- [What to do]
Below are records; reproduce exactly the lines from the one that has "Hand, foot and" through the one that has "dandruff treatment inside", ends included, and nothing more.

Segment Start: Given entries

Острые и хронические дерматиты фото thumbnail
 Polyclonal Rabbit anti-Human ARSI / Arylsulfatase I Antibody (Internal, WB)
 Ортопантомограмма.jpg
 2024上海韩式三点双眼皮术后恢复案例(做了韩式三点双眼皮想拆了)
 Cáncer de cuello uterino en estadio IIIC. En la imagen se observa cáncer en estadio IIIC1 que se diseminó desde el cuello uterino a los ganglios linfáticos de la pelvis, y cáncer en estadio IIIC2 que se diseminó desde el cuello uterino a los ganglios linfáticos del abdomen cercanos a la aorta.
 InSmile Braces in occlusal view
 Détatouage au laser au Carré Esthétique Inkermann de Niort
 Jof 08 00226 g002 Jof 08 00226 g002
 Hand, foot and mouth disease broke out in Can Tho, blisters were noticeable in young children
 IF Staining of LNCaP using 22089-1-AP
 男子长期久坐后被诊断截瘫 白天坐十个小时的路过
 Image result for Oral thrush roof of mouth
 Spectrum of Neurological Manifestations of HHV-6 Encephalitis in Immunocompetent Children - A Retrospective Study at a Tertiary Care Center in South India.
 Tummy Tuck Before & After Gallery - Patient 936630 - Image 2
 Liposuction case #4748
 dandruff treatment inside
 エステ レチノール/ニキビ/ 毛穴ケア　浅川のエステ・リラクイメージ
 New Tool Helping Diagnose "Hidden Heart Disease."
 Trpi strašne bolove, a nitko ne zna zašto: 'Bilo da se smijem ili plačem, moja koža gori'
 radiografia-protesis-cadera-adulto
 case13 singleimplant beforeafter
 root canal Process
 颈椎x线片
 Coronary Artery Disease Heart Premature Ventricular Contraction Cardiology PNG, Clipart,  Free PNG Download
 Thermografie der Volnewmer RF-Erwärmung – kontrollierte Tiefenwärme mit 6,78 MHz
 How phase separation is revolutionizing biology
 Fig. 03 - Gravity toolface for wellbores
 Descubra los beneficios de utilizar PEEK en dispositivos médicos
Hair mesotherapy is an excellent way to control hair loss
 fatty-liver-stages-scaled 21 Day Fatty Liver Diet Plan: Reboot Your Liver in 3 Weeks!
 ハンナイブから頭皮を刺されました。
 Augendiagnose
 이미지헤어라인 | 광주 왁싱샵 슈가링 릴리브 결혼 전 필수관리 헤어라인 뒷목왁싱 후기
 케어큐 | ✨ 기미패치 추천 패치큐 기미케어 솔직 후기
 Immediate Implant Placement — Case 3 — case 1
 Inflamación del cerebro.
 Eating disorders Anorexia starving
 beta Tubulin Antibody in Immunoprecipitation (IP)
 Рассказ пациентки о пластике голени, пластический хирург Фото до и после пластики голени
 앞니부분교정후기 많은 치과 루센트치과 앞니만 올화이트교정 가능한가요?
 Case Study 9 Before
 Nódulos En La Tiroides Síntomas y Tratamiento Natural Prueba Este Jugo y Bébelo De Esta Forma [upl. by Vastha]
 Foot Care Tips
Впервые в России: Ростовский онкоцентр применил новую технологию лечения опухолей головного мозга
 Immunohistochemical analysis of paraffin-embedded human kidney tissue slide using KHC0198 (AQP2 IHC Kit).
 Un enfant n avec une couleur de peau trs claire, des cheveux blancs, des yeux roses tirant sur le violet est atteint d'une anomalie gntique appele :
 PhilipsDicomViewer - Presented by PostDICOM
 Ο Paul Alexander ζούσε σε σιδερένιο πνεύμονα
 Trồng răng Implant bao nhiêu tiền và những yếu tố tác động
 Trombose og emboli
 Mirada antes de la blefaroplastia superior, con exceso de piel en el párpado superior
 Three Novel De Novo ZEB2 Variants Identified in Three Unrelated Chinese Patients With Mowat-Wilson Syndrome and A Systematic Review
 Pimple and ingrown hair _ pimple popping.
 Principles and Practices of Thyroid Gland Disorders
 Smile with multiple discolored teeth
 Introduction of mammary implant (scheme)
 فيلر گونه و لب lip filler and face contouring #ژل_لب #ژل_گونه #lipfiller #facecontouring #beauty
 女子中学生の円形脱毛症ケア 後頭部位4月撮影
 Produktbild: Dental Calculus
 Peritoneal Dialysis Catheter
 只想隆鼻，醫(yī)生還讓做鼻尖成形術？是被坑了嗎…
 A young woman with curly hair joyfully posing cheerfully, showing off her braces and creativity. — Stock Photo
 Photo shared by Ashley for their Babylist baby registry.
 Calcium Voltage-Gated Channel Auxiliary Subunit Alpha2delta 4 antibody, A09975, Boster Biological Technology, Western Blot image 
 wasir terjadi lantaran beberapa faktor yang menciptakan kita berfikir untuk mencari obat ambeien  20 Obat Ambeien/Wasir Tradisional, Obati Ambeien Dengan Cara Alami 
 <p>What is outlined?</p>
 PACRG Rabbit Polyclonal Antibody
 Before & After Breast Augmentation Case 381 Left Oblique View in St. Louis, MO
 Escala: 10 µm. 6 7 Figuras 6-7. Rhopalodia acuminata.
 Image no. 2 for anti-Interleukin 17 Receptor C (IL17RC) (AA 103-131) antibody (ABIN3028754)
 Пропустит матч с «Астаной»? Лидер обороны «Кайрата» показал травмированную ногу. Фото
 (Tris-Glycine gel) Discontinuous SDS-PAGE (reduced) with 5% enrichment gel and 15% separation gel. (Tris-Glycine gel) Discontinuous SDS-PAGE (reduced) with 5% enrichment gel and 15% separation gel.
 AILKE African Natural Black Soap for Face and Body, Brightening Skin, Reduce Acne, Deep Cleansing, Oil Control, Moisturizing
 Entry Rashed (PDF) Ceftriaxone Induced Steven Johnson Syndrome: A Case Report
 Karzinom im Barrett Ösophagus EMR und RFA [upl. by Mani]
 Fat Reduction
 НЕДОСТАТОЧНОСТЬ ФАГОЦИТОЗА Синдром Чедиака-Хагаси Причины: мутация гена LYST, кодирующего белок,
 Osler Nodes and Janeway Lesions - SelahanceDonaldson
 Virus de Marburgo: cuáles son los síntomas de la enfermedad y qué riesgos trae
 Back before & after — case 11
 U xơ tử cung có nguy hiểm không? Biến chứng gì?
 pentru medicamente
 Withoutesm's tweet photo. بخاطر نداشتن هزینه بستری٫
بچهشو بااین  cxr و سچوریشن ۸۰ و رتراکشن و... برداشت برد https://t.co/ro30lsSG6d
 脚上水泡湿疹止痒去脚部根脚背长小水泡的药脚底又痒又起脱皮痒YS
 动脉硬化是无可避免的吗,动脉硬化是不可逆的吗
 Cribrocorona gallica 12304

Segment End: Given entries

- [Your response]
 Hand, foot and mouth disease broke out in Can Tho, blisters were noticeable in young children
 IF Staining of LNCaP using 22089-1-AP
 男子长期久坐后被诊断截瘫 白天坐十个小时的路过
 Image result for Oral thrush roof of mouth
 Spectrum of Neurological Manifestations of HHV-6 Encephalitis in Immunocompetent Children - A Retrospective Study at a Tertiary Care Center in South India.
 Tummy Tuck Before & After Gallery - Patient 936630 - Image 2
 Liposuction case #4748
 dandruff treatment inside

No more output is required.